Cette énième déclaration du genre n’est pas de nature à dissiper les inquiétudes
sur l’état de santé de la démocratie béninoise.
Bien au contraire. De
deux choses l’une : ou bien il s’agit de vrais complots, ou bien le président
béninois souffre de paranoïa. Toujours est-il que quelque chose ne tourne pas
rond dans les sphères du pouvoir au pays de Kérékou.
L’hypothèse de la
paranoïa n’est pas farfelue en ce sens qu’à l’analyse, cette affaire révèle des
liens avec une autre : l’affaire Patrick Talon, du nom de cet homme d’affaires
béninois poursuivi d’empoisonnement du président Boni Yayi qui s’est réfugié
depuis un certain temps en France.

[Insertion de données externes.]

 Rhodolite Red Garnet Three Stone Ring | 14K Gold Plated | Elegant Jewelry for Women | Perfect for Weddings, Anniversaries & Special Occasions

En effet, les personnes actuellement dans
l’œil du cyclone pour leur tentative présumée de coup d’Etat contre le chef
d’Etat béninois ont des accointances avec l’homme d’affaires poursuivi.
Difficile dans ces conditions de ne pas voir des règlements de comptes déguisés
contre Patrick Tanon. En tapant sur ses proches, Boni Yayi pourrait ainsi se
venger de l’homme qui a jusque-là échappé aux « serres » de la justice béninoise
lancée à ses trousses. Si tel est le cas, on pourrait dire que le président Boni
Yayi a aussi malheureusement sombré dans cette théorie de la complotite. Mais
quel serait l’objectif d’une telle mise en scène ? Pour « débroussailler »

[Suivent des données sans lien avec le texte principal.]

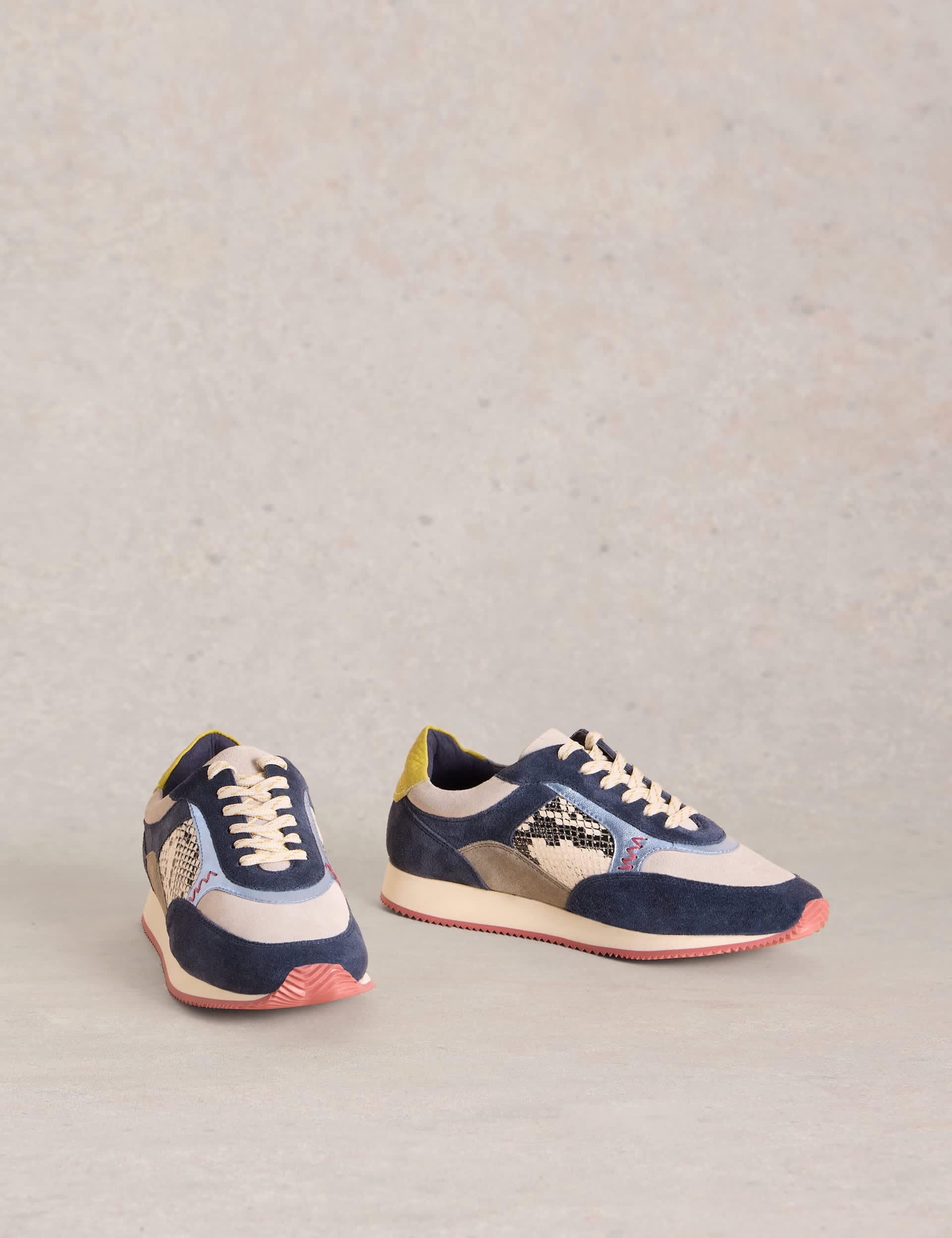 White Stuff Women's Leather Colour Block Trainers - 6 - Navy Mix, Navy Mix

autour de lui afin de pouvoir au moins finir son mandat sans être gêné par
quelque indésirable que ce soit ? Ce n’est pas impossible.
Si par contre,
le président Boni Yayi a raison, c’est-à-dire qu’au cas où il y aurait eu de
véritables tentatives de putsch, c’est très grave. En effet, il est de notoriété
publique que le Bénin est l’une des vitrines de la démocratie en Afrique. Avec
le Ghana et le Sénégal, il est, comme un phare dans les ténèbres de la
gouvernance étatique en Afrique de l’Ouest, une sorte d’étendard démocratique
face à la plupart des Etats africains où les dictatures plus ou moins sournoises
ont encore, hélas, la peau dure. Toutefois, force est de reconnaître que le
passage de Boni Yayi au sommet de l’Etat n’aura pas fait que du bien à cette
démocratie. Boni Yayi, faut-il le rappeler, est, dans sa conquête du pouvoir,
arrivé à un moment favorable où le peuple béninois, lassé de sa vieille classe
politique, avait besoin d’un changement d’hommes. Nul doute que ce fut un
facteur important pour son accession à la magistrature suprême de son pays.
Aussi, tout comme le président malien déchu, Amadou Toumani Touré, est-il arrivé
au pouvoir en s’appuyant sur des forces coalisées mais disparates. Dans un tel
contexte, gouverner peut s’avérer un véritable exercice de grand écart dicté par
le souci de contenter les principales factions qui ont soutenu la candidature du
chef de l’Etat. Un tel consensus pour gérer les affaires d’Etat peut cacher des
dessous détestables en matière de qualité de la gouvernance dans le pays, comme
il en a été question au Mali aux dires des contempteurs de ATT après la chute de
son régime. Au Bénin, sous le régime de l’actuel chef de l’Etat, les scandales
de corruption surtout sont ahurissants. Bien entendu que cela n’est pas à la
hauteur de la démocratie béninoise et ne met pas l’actuel président à l’abri de
toute tentative de déstabilisation. Comme on le sait en Afrique, l’armée n’est
jamais trop loin du pouvoir, pour ne pas dire qu’elle a toujours tendance à
faire main basse sur l’appareil d’Etat. Et aucun pays n’en est vraiment à l’abri
tant la démocratie est encore fragile sur le continent. Alors, méfiance. En tout
cas, si l’une quelconque de ces tentatives de coup d’Etat évoquées par le
pouvoir béninois venait à se confirmer, et pire à se concrétiser, l’image de
marque du Bénin s’en trouverait sérieusement écornée. Un tel recul servirait
sans conteste les intérêts des putschistes et antidémocrates de tout acabit qui
ne manqueraient pas l’occasion de rire sous cape, se réjouissant ainsi du fait
que les modèles démocratiques du continent chutent et les rejoignent dans la
boue fétide de l’irresponsabilité en matière de gouvernance des Etats. Ce serait
bien entendu un véritable motif de désespoir pour tous les démocrates sincères
de ce continent et d’ailleurs. Pourvu que toute cette agitation n’ait rien de
sérieux et que ce faisant, le pouvoir béninois se ressaisisse sans délai et
œuvre à ce que le pays retrouve tout son lustre démocratique d’antan.